4’) Chez les plus insoupçonnables

À savoir, un prêtre ! En l’occurrence, chez l’abbé Gregor Mendel, l’un des fondateurs de la génétique [21]. Face à ses résultats parfaitement adéquats, l’éminent statisticien Ronal A. Fisher a analysé ses méthodes et il en a conclu : « Les données de la plupart des expériences de Mendel, pour ne pas dire toutes, ont été truquées de manière à s’accorder étroitement avec ce qu’il espérait trouver » [22]. En effet, « Mendel avait déjà sa théorie en tête quand il procéda à ses expériences. Il se pourrait même qu’il ait déduit ses lois à partir d’une conception particulière sur l’hérédité à laquelle il serait parvenu avant d’avoir commencé ses travaux sur les pois [23] ». Il a donc a posteriori fait coller ses résultats à ses attentes. Si la loi stipule qu’il doit y avoir trois pois ronds pour un pois ridé et qu’il a 450 pois ronds et 102 pois ridés, il éliminera les superflus pour ne garder que 300 pois ronds et 100 pois ridés [24] !

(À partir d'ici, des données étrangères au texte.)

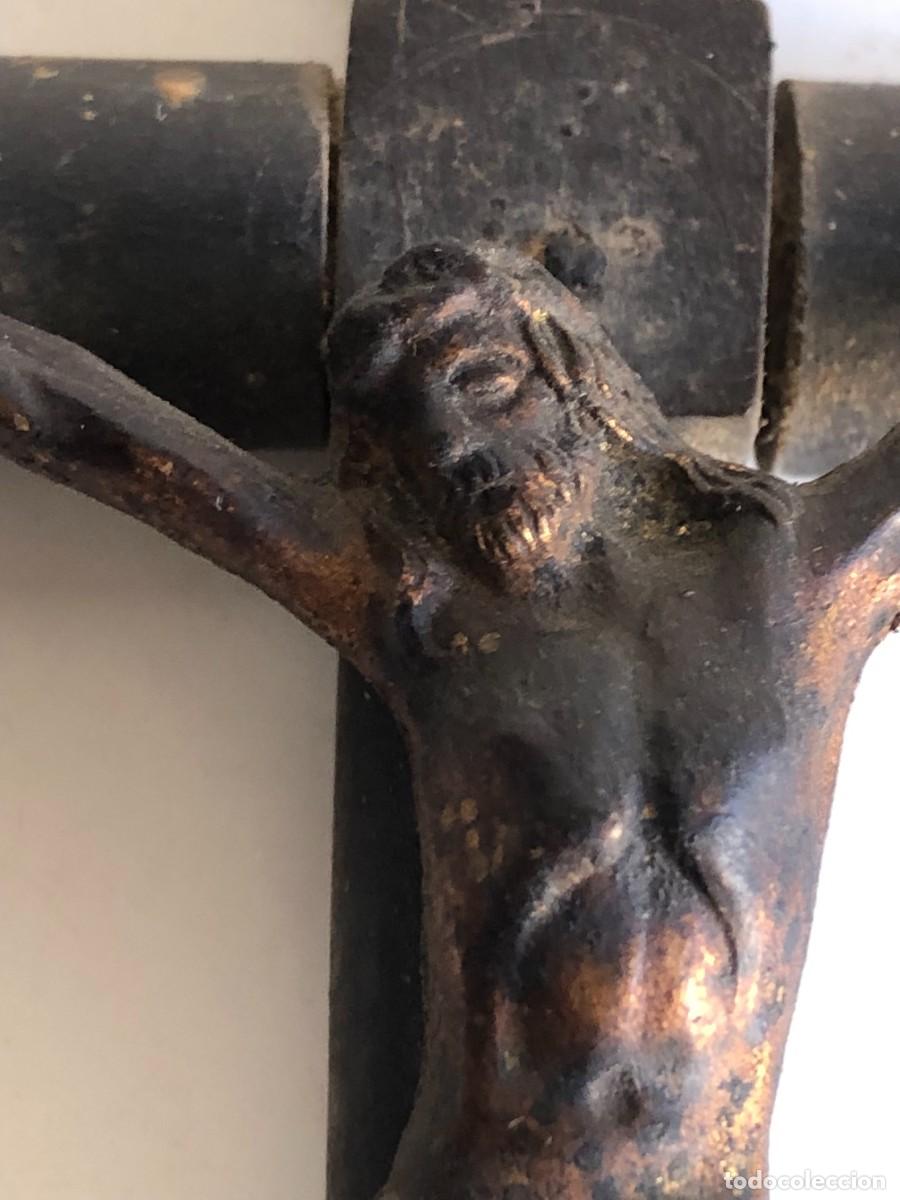 Antig&uuml;edades: Cruz de madera antigua con Cristo - Foto 1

b) Du côté des mécanismes de la fraude

Ils sont soit immédiatement scientifiques, comme le plagiat ou la falsification des données, ou plus politiques, comme l’abus de pouvoir. Comme nous nous intéressons à la blessure de l’intelligence, c’est surtout ce point que nous développerons.

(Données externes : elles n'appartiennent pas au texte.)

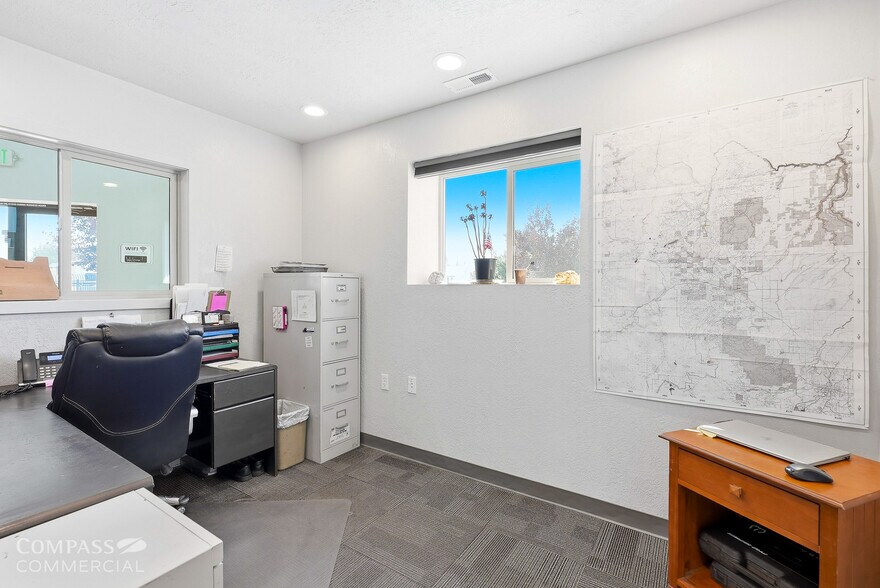 More Photos Of 188 W Sisters Park Dr, Sisters Warehouse For Sale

3) Deux exemples emblématiques

Nous nous contenterons de décrire deux exemples de prime abord très différents : le premier concerne un chercheur totalement inconnu, sauf pour son côté tricheur ; le second, un scientifique de grand renom.

a) L’exemple d’Elias Alsabti

Pour sembler caricatural, ce premier exemple n’en est pas moins réel. Son principal intérêt réside dans la mise en évidence des mécanismes favorisant la fraude scientifique. Il s’agit du cas d’Élias A. K. Alsabti [25].

1’) La formation en Irak

Elias Abdel Kuder Alsabti (1954-1990) est né en Irak, à Basra. À l’âge de 17 ans, il commence ses études de médecine à la faculté de sa ville natale, études qui, dans le cadre de son pays, durent six années.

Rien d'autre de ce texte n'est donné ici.